De staatssecretaris van Justitie heeft in een besluit van 27 november 2007 de aanvraag afgewezen, stellende dat de vreemdeling niet voldeed aan de voorwaarden voor een afgeleide verblijfsvergunning. De rechtbank heeft deze afwijzing op 11 mei 2009 vernietigd en de staatssecretaris opgedragen een nieuw besluit te nemen. De staatssecretaris heeft hiertegen hoger beroep ingesteld.

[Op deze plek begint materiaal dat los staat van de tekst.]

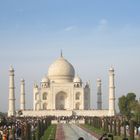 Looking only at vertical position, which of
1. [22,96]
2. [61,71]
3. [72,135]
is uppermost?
[61,71]

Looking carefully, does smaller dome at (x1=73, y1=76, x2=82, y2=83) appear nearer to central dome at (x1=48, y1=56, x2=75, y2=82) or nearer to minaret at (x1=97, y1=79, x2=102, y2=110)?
central dome at (x1=48, y1=56, x2=75, y2=82)

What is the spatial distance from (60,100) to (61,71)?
156 inches

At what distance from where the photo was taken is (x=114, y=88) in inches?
2506

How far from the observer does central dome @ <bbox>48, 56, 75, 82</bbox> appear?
70000 mm

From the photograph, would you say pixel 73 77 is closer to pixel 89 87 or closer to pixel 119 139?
pixel 89 87

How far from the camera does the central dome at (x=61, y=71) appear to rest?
230 ft

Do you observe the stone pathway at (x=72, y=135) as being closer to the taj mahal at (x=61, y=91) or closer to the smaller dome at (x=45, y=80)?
the taj mahal at (x=61, y=91)

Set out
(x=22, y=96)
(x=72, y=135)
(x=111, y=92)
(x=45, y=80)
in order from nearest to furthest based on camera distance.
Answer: (x=72, y=135) → (x=111, y=92) → (x=22, y=96) → (x=45, y=80)

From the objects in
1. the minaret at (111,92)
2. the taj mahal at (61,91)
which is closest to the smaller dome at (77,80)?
the taj mahal at (61,91)

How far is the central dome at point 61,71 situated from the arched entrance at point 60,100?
6.59ft

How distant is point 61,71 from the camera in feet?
229

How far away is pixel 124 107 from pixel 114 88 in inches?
298

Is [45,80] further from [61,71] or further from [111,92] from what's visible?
[111,92]

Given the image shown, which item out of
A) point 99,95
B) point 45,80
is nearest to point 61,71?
point 45,80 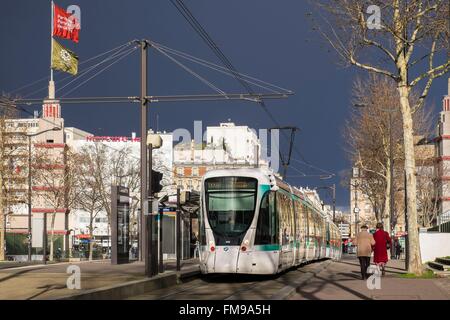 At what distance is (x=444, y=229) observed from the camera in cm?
4325

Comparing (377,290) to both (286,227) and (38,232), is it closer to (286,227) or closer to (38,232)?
(286,227)

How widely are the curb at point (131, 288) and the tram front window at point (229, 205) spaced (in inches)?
69.6

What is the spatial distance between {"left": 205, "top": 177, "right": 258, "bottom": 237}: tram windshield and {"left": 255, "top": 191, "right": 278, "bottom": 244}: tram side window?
0.30 meters

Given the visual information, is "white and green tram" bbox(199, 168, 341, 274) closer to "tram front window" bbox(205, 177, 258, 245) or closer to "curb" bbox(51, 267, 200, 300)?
"tram front window" bbox(205, 177, 258, 245)

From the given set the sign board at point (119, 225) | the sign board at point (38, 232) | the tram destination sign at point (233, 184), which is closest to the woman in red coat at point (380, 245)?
the tram destination sign at point (233, 184)

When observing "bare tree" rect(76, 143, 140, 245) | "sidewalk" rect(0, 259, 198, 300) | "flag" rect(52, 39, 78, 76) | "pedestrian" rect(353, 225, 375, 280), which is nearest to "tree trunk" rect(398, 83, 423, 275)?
"pedestrian" rect(353, 225, 375, 280)

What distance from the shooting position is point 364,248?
2370cm

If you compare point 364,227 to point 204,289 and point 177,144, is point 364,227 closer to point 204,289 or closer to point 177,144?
point 204,289

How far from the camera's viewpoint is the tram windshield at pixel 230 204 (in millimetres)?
22812

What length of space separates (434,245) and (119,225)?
20062 millimetres

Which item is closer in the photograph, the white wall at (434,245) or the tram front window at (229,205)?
the tram front window at (229,205)

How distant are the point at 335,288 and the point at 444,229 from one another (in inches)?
984

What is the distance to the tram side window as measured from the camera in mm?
22875

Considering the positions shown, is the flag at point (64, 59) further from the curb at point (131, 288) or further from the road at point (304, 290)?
the road at point (304, 290) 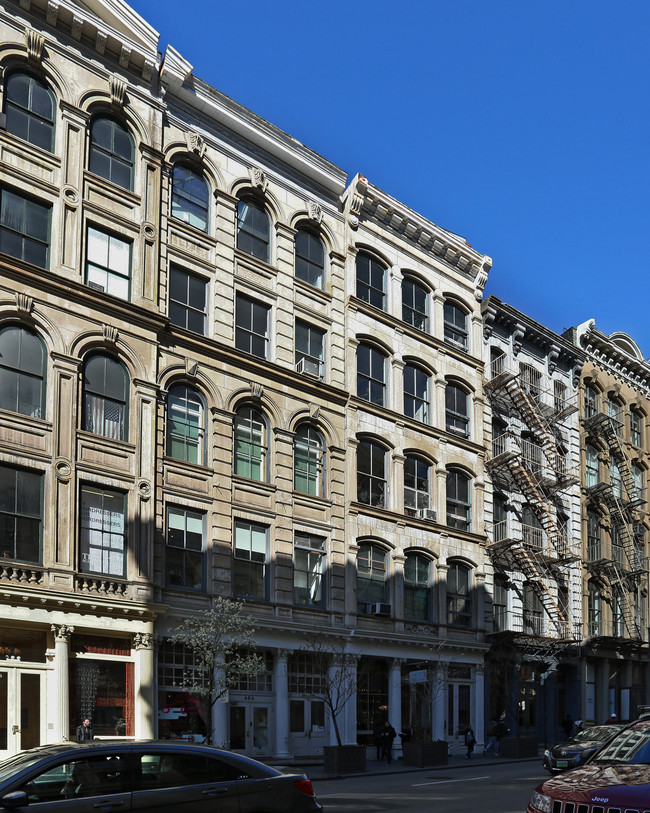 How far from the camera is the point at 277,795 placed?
11.6 meters

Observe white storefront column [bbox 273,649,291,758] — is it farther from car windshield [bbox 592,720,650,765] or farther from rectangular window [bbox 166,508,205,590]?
car windshield [bbox 592,720,650,765]

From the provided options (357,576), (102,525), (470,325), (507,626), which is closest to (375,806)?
(102,525)

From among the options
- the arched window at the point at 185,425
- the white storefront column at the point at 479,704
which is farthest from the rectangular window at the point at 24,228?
the white storefront column at the point at 479,704

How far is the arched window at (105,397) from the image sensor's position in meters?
30.2

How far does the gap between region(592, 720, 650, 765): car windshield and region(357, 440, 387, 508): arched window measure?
27.6 metres

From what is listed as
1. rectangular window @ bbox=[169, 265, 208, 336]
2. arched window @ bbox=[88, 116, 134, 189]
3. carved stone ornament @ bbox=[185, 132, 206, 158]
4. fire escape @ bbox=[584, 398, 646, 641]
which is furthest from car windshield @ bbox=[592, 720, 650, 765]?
fire escape @ bbox=[584, 398, 646, 641]

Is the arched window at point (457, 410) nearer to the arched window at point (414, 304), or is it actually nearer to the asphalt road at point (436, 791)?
the arched window at point (414, 304)

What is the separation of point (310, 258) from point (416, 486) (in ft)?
34.7

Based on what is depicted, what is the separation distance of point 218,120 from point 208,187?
8.28 ft

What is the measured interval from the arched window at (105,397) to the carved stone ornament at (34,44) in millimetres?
9094

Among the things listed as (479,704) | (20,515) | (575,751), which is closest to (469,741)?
(479,704)

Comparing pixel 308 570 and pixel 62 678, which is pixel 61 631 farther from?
pixel 308 570

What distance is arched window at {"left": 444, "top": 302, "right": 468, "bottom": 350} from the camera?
46812 millimetres

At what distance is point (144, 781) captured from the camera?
10.9 metres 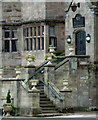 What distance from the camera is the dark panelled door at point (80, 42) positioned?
1697 inches

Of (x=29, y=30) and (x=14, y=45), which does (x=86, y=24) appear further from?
(x=14, y=45)

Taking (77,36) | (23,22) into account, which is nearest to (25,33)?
(23,22)

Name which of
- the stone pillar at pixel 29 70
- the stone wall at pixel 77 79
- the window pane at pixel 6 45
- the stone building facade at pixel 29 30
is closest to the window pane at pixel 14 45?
the stone building facade at pixel 29 30

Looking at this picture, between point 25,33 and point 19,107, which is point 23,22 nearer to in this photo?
point 25,33

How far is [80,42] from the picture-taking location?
43469mm

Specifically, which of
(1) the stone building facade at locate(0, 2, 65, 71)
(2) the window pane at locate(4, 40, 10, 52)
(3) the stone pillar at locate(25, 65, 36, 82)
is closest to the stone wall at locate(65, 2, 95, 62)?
(1) the stone building facade at locate(0, 2, 65, 71)

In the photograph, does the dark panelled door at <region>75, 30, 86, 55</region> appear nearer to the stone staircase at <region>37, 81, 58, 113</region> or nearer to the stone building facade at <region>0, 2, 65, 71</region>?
the stone building facade at <region>0, 2, 65, 71</region>

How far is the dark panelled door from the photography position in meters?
43.1

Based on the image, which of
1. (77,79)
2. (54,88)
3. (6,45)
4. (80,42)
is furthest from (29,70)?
(6,45)

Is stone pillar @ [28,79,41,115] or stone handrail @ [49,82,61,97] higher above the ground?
stone handrail @ [49,82,61,97]

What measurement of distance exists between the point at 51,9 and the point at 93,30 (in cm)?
444

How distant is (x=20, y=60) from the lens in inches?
1841

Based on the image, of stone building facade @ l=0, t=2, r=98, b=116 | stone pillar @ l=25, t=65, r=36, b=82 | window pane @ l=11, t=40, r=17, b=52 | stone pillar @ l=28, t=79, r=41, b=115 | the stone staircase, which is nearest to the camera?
stone pillar @ l=28, t=79, r=41, b=115

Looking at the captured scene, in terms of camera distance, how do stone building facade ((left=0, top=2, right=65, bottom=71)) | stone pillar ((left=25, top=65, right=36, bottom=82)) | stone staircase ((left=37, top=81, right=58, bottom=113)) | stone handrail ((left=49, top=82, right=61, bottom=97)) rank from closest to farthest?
stone staircase ((left=37, top=81, right=58, bottom=113)) → stone handrail ((left=49, top=82, right=61, bottom=97)) → stone pillar ((left=25, top=65, right=36, bottom=82)) → stone building facade ((left=0, top=2, right=65, bottom=71)) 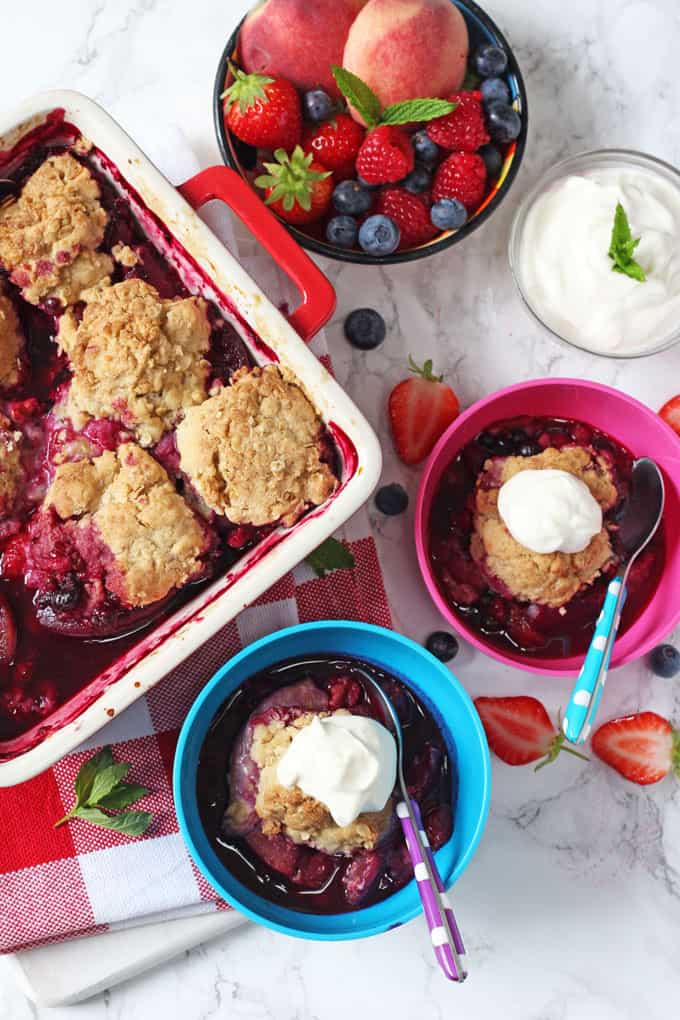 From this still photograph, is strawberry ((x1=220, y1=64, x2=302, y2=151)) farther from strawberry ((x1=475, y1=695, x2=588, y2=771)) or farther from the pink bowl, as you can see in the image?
strawberry ((x1=475, y1=695, x2=588, y2=771))

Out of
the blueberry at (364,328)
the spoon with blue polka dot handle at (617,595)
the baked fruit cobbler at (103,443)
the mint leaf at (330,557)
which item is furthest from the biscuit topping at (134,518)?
the spoon with blue polka dot handle at (617,595)

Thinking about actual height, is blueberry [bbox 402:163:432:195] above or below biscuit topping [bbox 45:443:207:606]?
below

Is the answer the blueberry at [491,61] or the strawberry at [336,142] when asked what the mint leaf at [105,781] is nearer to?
the strawberry at [336,142]

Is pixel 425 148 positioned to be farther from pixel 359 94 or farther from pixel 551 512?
pixel 551 512

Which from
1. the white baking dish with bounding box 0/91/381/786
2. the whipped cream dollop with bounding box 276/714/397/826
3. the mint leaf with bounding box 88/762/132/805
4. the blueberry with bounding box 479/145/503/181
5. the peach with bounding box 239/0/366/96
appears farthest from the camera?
the blueberry with bounding box 479/145/503/181

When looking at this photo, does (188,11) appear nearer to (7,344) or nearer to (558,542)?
(7,344)

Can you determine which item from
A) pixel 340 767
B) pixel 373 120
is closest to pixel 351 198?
pixel 373 120

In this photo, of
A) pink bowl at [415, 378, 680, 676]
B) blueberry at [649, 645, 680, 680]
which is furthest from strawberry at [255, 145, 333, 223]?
blueberry at [649, 645, 680, 680] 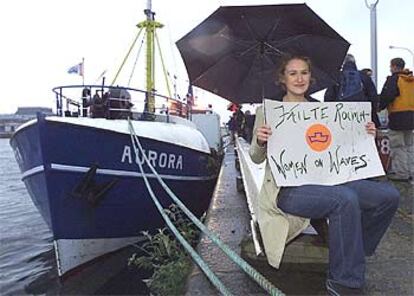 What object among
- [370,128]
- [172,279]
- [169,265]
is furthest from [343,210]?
[169,265]

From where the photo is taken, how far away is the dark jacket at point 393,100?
7.88 m

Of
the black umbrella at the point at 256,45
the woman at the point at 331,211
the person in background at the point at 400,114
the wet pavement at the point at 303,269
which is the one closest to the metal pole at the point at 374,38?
the person in background at the point at 400,114

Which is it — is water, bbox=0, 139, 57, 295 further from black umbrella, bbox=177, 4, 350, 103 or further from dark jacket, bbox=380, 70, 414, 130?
dark jacket, bbox=380, 70, 414, 130

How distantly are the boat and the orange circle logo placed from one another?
4313 millimetres

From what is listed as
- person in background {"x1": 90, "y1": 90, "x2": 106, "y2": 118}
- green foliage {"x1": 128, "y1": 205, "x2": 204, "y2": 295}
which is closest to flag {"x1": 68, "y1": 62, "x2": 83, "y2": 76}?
person in background {"x1": 90, "y1": 90, "x2": 106, "y2": 118}

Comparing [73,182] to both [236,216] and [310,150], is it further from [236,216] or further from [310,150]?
[310,150]

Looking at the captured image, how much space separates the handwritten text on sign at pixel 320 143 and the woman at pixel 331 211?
0.07m

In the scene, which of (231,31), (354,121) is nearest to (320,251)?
(354,121)

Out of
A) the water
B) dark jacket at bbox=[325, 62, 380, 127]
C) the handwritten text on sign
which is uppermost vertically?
dark jacket at bbox=[325, 62, 380, 127]

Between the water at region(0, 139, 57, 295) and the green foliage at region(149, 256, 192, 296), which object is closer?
the green foliage at region(149, 256, 192, 296)

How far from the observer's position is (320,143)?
3162mm

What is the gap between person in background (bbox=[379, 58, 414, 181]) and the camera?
25.8 ft

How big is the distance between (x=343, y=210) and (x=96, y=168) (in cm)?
472

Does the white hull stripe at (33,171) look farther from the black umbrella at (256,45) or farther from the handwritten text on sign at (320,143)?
the handwritten text on sign at (320,143) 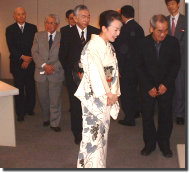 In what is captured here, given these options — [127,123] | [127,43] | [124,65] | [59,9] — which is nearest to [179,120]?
[127,123]

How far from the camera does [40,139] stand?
151 inches

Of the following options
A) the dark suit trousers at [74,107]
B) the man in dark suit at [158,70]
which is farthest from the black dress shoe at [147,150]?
the dark suit trousers at [74,107]

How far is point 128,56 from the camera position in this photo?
4211 millimetres

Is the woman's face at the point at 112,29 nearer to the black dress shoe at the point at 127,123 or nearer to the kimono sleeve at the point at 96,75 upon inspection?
the kimono sleeve at the point at 96,75

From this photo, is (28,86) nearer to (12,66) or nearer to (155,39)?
(12,66)

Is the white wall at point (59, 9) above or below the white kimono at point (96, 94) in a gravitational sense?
above

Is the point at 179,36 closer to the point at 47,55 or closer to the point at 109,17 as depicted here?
the point at 47,55

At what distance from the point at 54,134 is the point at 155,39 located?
5.47 feet

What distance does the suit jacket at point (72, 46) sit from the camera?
134 inches

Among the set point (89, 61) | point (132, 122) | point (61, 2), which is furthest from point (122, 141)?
point (61, 2)

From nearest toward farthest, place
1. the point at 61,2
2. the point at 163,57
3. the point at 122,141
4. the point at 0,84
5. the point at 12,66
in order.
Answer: the point at 163,57
the point at 0,84
the point at 122,141
the point at 12,66
the point at 61,2

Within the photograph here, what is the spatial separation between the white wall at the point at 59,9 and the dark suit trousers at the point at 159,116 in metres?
4.23

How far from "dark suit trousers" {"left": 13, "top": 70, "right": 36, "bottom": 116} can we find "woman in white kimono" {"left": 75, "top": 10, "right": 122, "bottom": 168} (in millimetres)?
2155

De Raad van State oordeelt dat de vreemdeling, gezien de eerdere toezegging van de minister, gerechtvaardigd vertrouwen mocht hebben dat hem een verblijfsvergunning zou worden verleend, mits de omstandigheden gelijk bleven. De staatssecretaris heeft niet voldoende gemotiveerd waarom de aanvraag is afgewezen, en de rechtbank heeft terecht geoordeeld dat het besluit onvoldoende is onderbouwd. Het hoger beroep van de staatssecretaris is kennelijk ongegrond verklaard, en de aangevallen uitspraak wordt bevestigd. De staatssecretaris wordt veroordeeld tot vergoeding van de proceskosten van de vreemdeling.